---------- DATA RECORDS
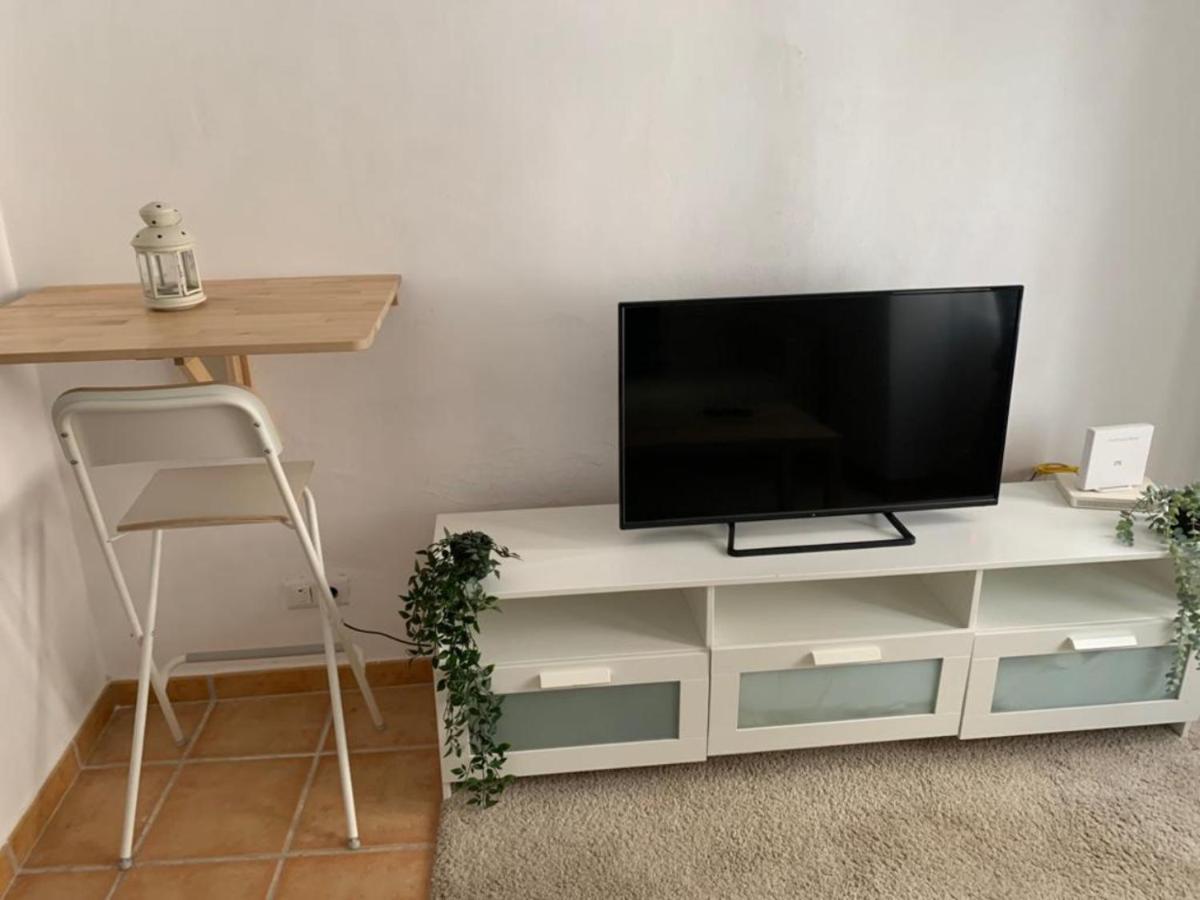 Centrico Apartamento Junto Al Cervantes Malaga Bagian luar foto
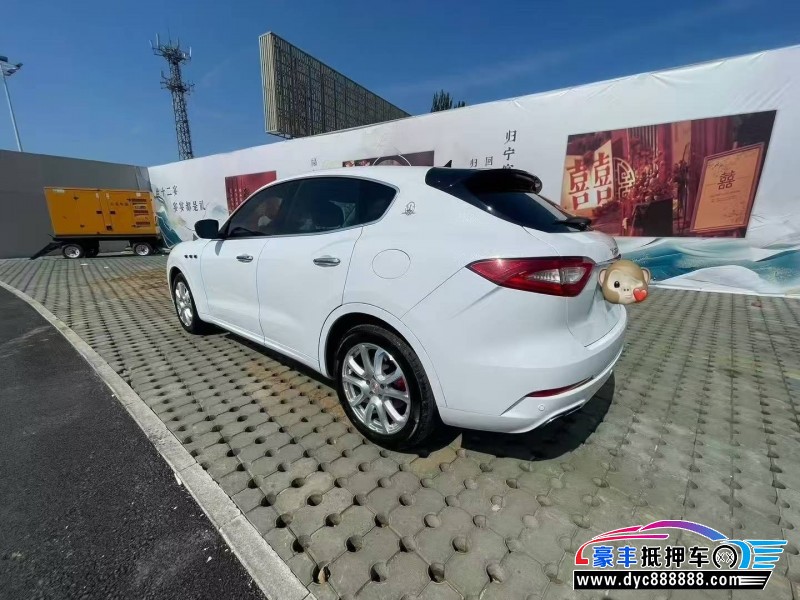 18年玛莎拉蒂莱万特轿车抵押车出售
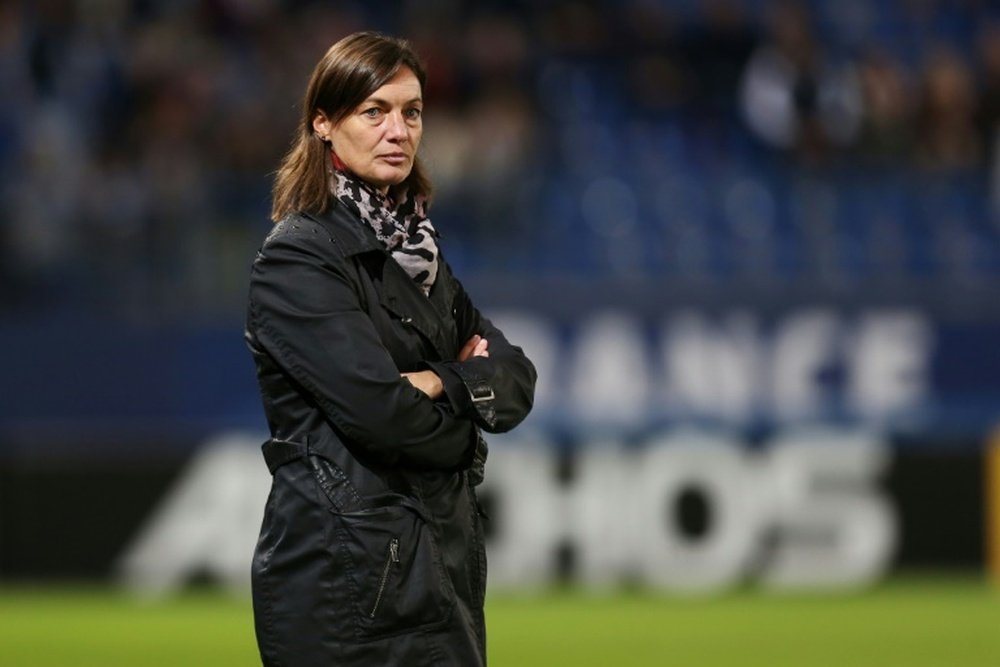 Le sélectionneur des Bleues Corinne Diacre suit le match des Françaises face aux Chiliennes. AFP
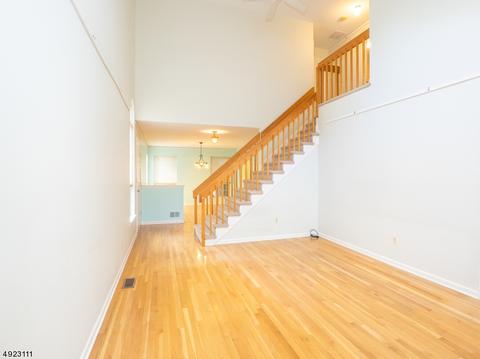 175 Aster Ct, Whitehouse Station, NJ 08889 photo 3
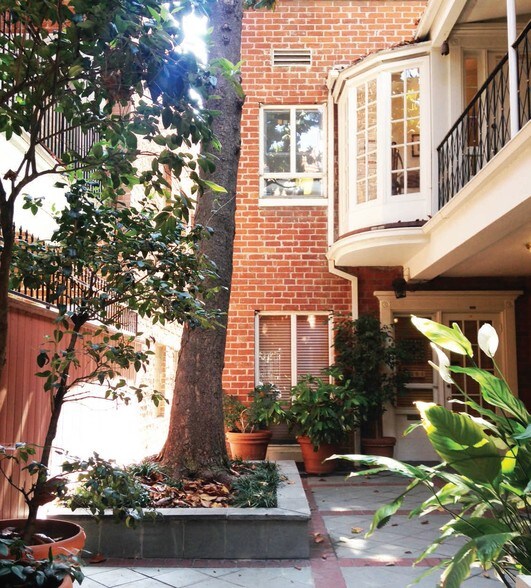 More Photos Of 1015 Gayley Ave, Los Angeles Medical For Lease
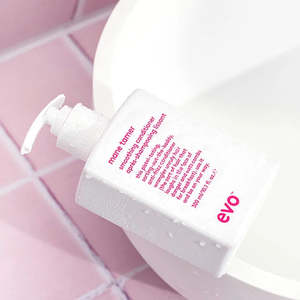 The Christie Edit: mane tamer smoothing conditioner
300ml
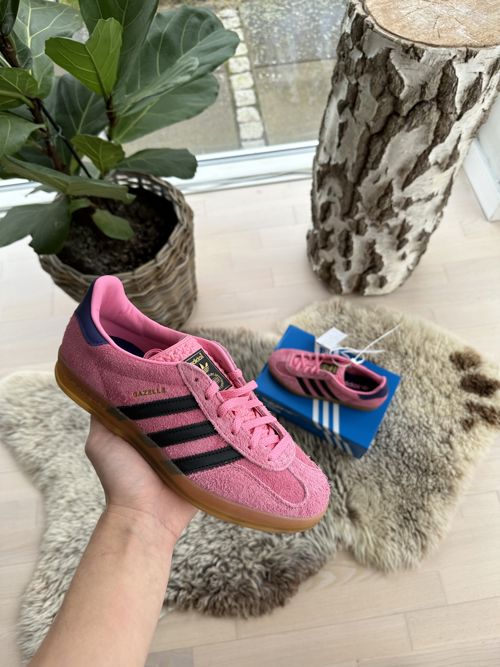 Adidas Gazelle Bliss Pink / Core Black / Collegiate Purple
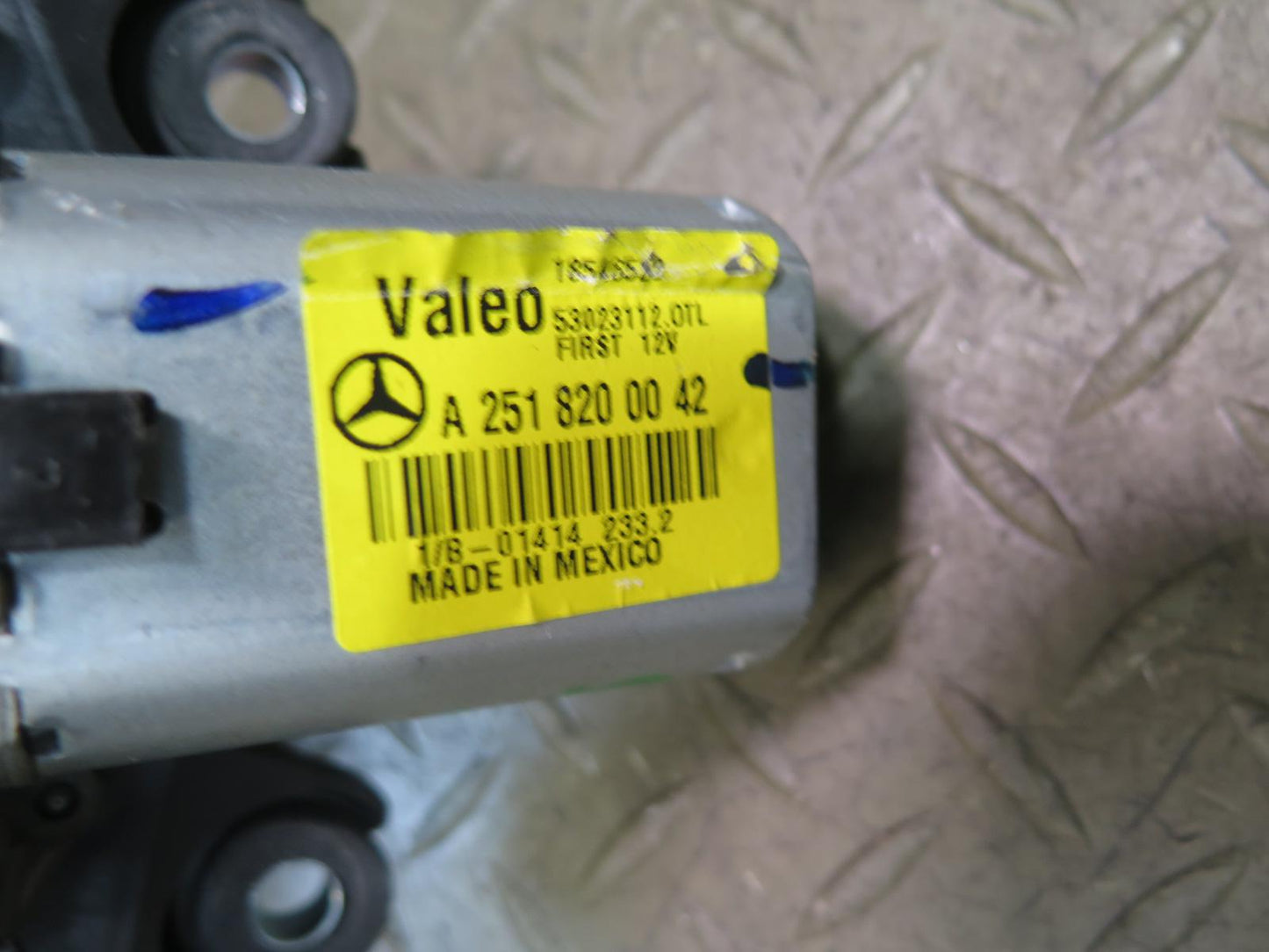 2012-2015 Mercedes X166 W166 Ml-class Rear Trunk Lid Tailgate Wiper Motor w Arm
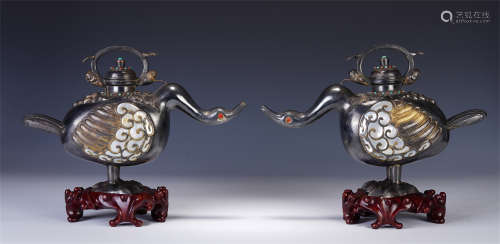 A PAIR OF CHINESE PURE SILVER  DUCK SHAPED INCENSE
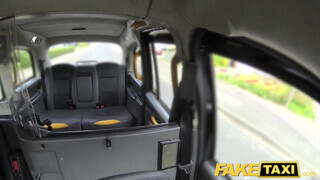 Fake Taxi - Hatalmas picsájú spanyol milf análba kúrva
--------------------
WHAT YOU SHOULD DO: Begin with the line containing "More Photos Of", stop at the last line of the records above, and copy every line in between exactly, both ends included, with no pictures.

EXERCISE OUTPUT:
 More Photos Of 1015 Gayley Ave, Los Angeles Medical For Lease
 The Christie Edit: mane tamer smoothing conditioner
300ml
 Adidas Gazelle Bliss Pink / Core Black / Collegiate Purple
 2012-2015 Mercedes X166 W166 Ml-class Rear Trunk Lid Tailgate Wiper Motor w Arm
 A PAIR OF CHINESE PURE SILVER  DUCK SHAPED INCENSE
 Fake Taxi - Hatalmas picsájú spanyol milf análba kúrva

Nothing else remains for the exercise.